Hele bu kaynak aktarımlarının yararlanıcısı sadece beş şirket ise konunun kabul edilemezliği daha da büyük boyutlara çıkıyor.

Bir Zafer Havaalanı konusu var Kütahya’da, konu muhtemelen ileride, Türkiye bu iktidardan demokratik yöntemlerle kurtulduktan sonra, daha çok konuşulacak, kitaplarda bir dönemin kepazeliklerinin en başında gösterilecek

Geçiş garantileri meselesinin önemli iki siyasi boyutu da var.
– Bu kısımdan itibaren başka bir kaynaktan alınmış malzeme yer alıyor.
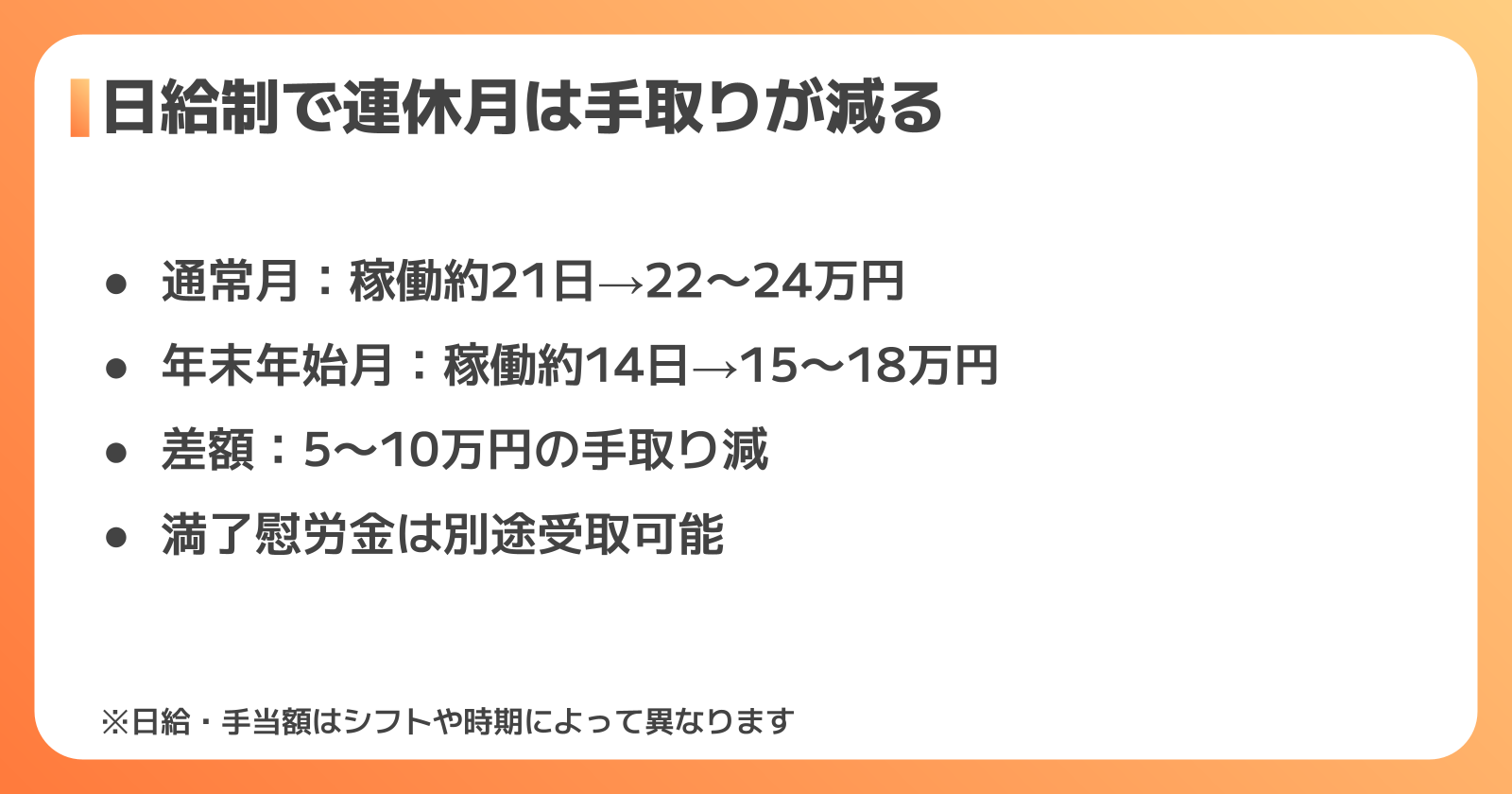 連休中の給与への影響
Bu siyasi boyutun bir ayağı muhtemelen Türkiye’de siyasetin illegal ve gayrimeşru finansmanına ilişkin.

İkinci siyasi boyut da, özellikle beş taahhüt şirketi düşünüldüğünde, bir küçük yönetici kliğin geleceğini, belki de ülke dışında bir yerde garanti altına alma çabası boyutu; bu konunun detaylarına daha fazla girmek istemem.

Ancak, geçiş garantileri konusunun özellikle önümüzdeki günlerde üzerinde durmak istediğim boyutu hukuki yani anayasal boyutu ve bütçe hukuku boyutu.

Anayasal boyutu özellikle Anayasa Madde 47, kamulaştırma ve özelleştirme maddesi ve bütçeye ilişkin maddeler 161-165.

Bu geçiş garantileri konusunun en azından yasal ama hukukiliği kuşkulu dayanakları da mevcut.

Birincisi Yap-İşlet Devret diye bilinen kanun. (8.6.1994)

2015 senesinde Kalkınma Bakanlığının yayınladığı Kamu-Özel İşbirliği Mevzuatı çalışması ilgilenenlere iyi bir kaynak niteliğinde.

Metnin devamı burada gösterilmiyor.